> [ABOUT THIS EXERCISE] Reproduce exactly the line with "Used 2021 Toyota RAV4 XLE image 2" and every line that follows it below, up to and including the last one. Do not include pictures or anything else.

[Crawled caption data]
++++++++

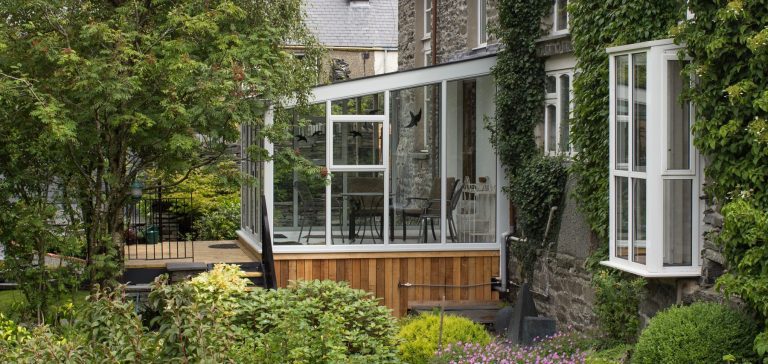 Home Reno: Consider A Sunroom or Conservatory For Extra Space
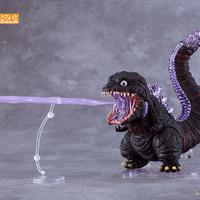 ゴジラおせち2026」登場！ ゴジラの足跡ドーン！モスラも舞う!? DX版に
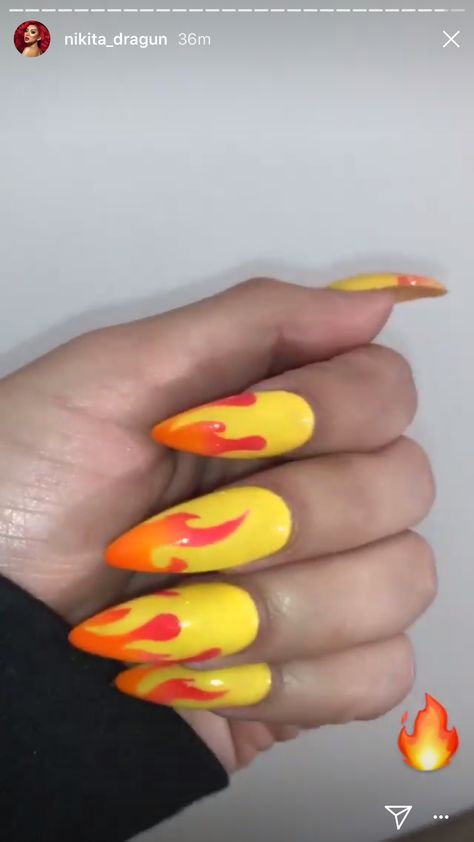 Flame orange yellow acrylic nails Yellow Acrylic Nails, Acrylic Nail Designs Classy, Nails Orange, New Nails, Nail Art Ombre, Party Nails, Ideas Nails, Trendy Nail Art, Jamberry Nails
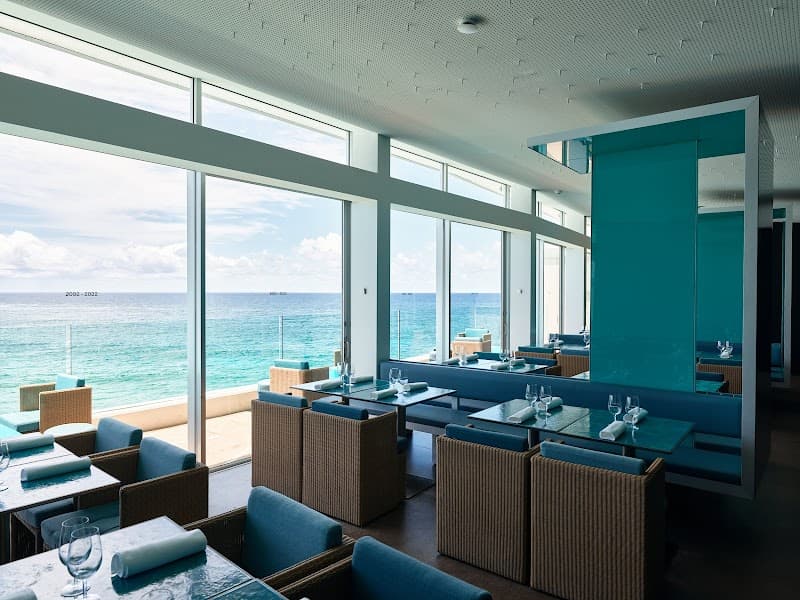 Icebergs Dining Room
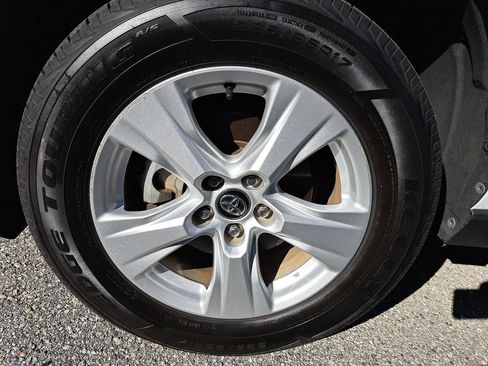 Used 2021 Toyota RAV4 XLE image 2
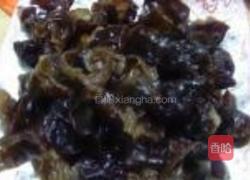 木耳炒蛋的做法图解2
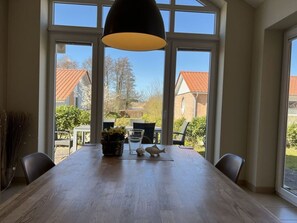 Dining - Northern Light House (Kosel)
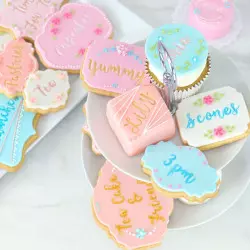 66 embosseurs alphabet PME pour cookies et cupcakes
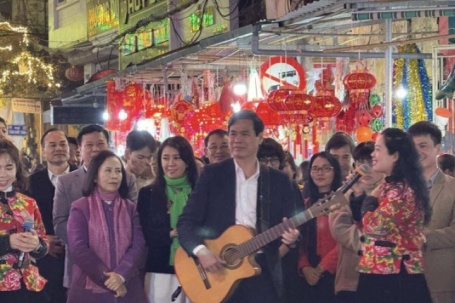 Bí thư Tỉnh uỷ Lạng Sơn chơi guitar ở phố đi bộ khiến giới chơi guitar chuyên nghiệp choáng váng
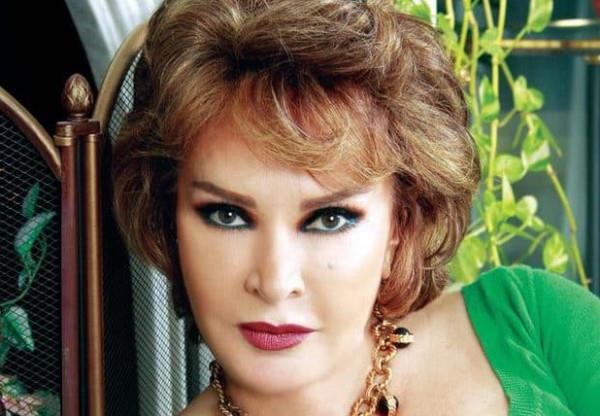 فيديو| صفية العمري ترد على شائعة تشوه وجهها بسبب التجميل فيديو| صفية العمري ترد على شائعة تشوه وجهها بسبب التجميل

++++++++

> [SOLVED EXERCISE]
 Used 2021 Toyota RAV4 XLE image 2
 木耳炒蛋的做法图解2
 Dining - Northern Light House (Kosel)
 66 embosseurs alphabet PME pour cookies et cupcakes
 Bí thư Tỉnh uỷ Lạng Sơn chơi guitar ở phố đi bộ khiến giới chơi guitar chuyên nghiệp choáng váng
 فيديو| صفية العمري ترد على شائعة تشوه وجهها بسبب التجميل فيديو| صفية العمري ترد على شائعة تشوه وجهها بسبب التجميل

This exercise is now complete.